To do:
Going down the listing below, print exactly each line from the one with "Moradia T4 para Venda em Sabadim Foto 3" up to and including the one with "خشب ثمرة الكوك و عظم الجمل", and skip the rest.

Exercise data:
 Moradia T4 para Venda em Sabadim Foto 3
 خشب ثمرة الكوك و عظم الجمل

---

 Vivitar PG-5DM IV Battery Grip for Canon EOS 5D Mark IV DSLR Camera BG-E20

Result of the exercise:
 Moradia T4 para Venda em Sabadim Foto 3
 خشب ثمرة الكوك و عظم الجمل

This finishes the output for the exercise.